Brief descriptive captions:
────────────────

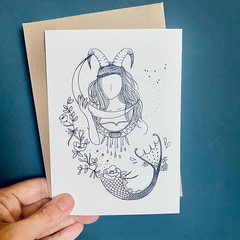 Carte de voeux - Signes du zodiac - Capricorne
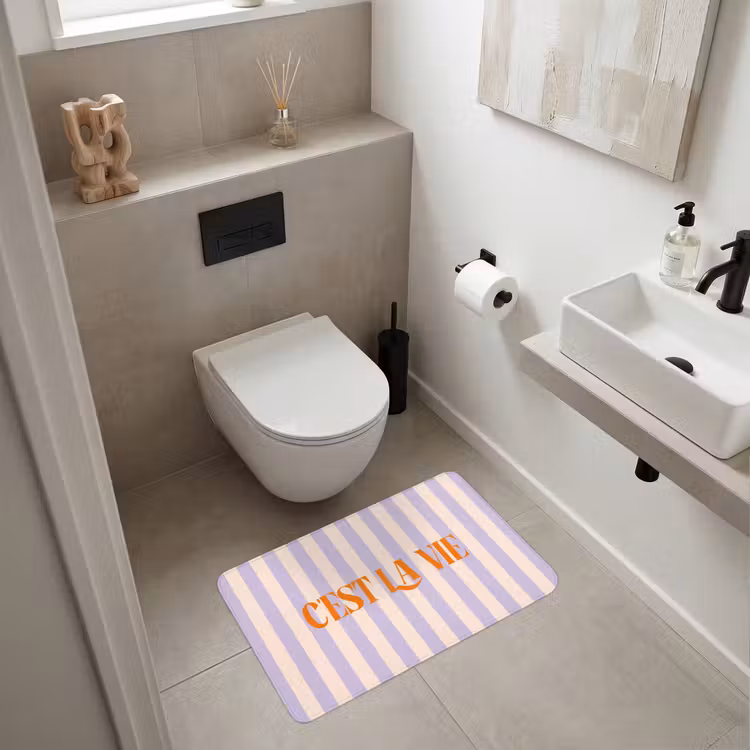 Wc Mat - Lila - Oranje - Strepen - C'est La Vie — 6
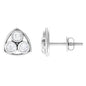 Bezel Set Round Diamond Three Stone Stud Earrings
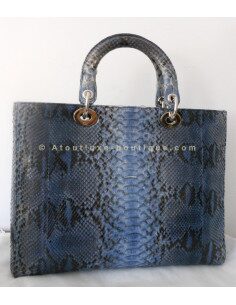 SAC LADY DIOR PYTHON BLEU - GRAND MODELE 2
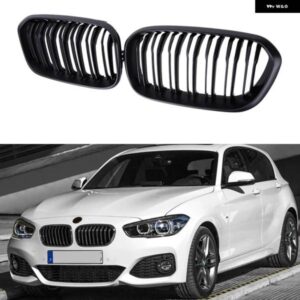 BMW フロントバンパー グリル キドニー レーシング グリル 1シリーズ F20 F21 2015 2016 2017 ダブルスラット交換グリル グロスブラック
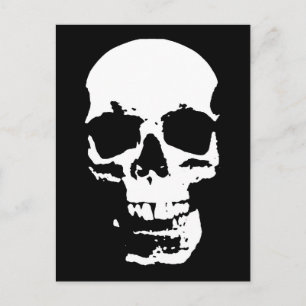 Postal Arte pop blanco y negro Skull estilo Guay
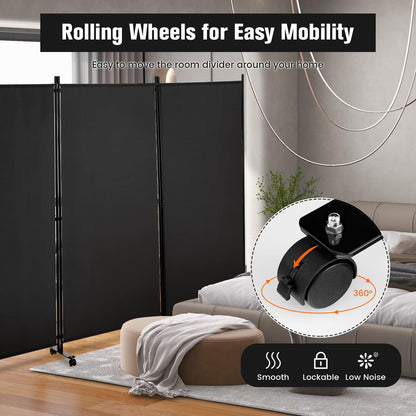 3-Panel Folding Room Divider with Wheels for Living Room Bedroom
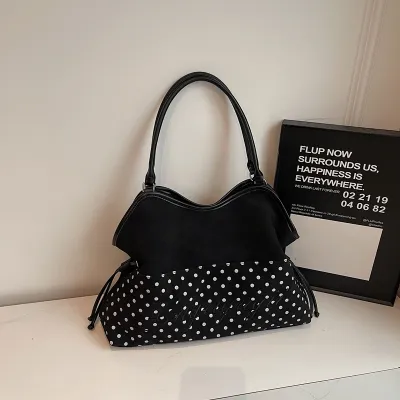 Women Fashion Casual Autumn And Winter Suede Printed Stitching Drawstring Large Capacity Handbag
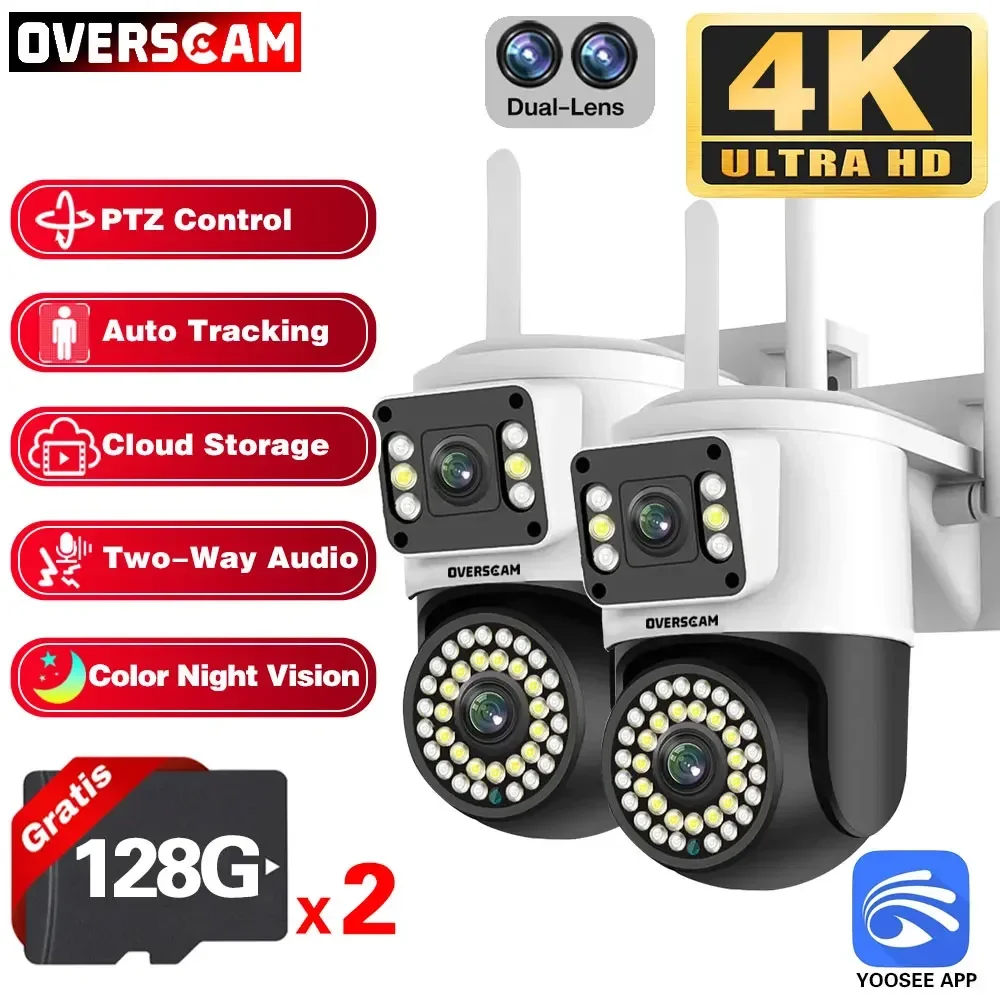 YOOSEE Wifi 8MP 4K Dual Lens Outdoor Security IP Cameras More LED Light Security WiFi PTZ Smart Home Night Vision Auto Tracking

────────────────

**Your task**
Every line from the one holding "SAC LADY DIOR PYTHON BLEU - GRAND MODELE 2" through the last line of the entries above, and nothing else, is to be restated word for word. Pictures stay out.

**Answer**
 SAC LADY DIOR PYTHON BLEU - GRAND MODELE 2
 BMW フロントバンパー グリル キドニー レーシング グリル 1シリーズ F20 F21 2015 2016 2017 ダブルスラット交換グリル グロスブラック
 Postal Arte pop blanco y negro Skull estilo Guay
 3-Panel Folding Room Divider with Wheels for Living Room Bedroom
 Women Fashion Casual Autumn And Winter Suede Printed Stitching Drawstring Large Capacity Handbag
 YOOSEE Wifi 8MP 4K Dual Lens Outdoor Security IP Cameras More LED Light Security WiFi PTZ Smart Home Night Vision Auto Tracking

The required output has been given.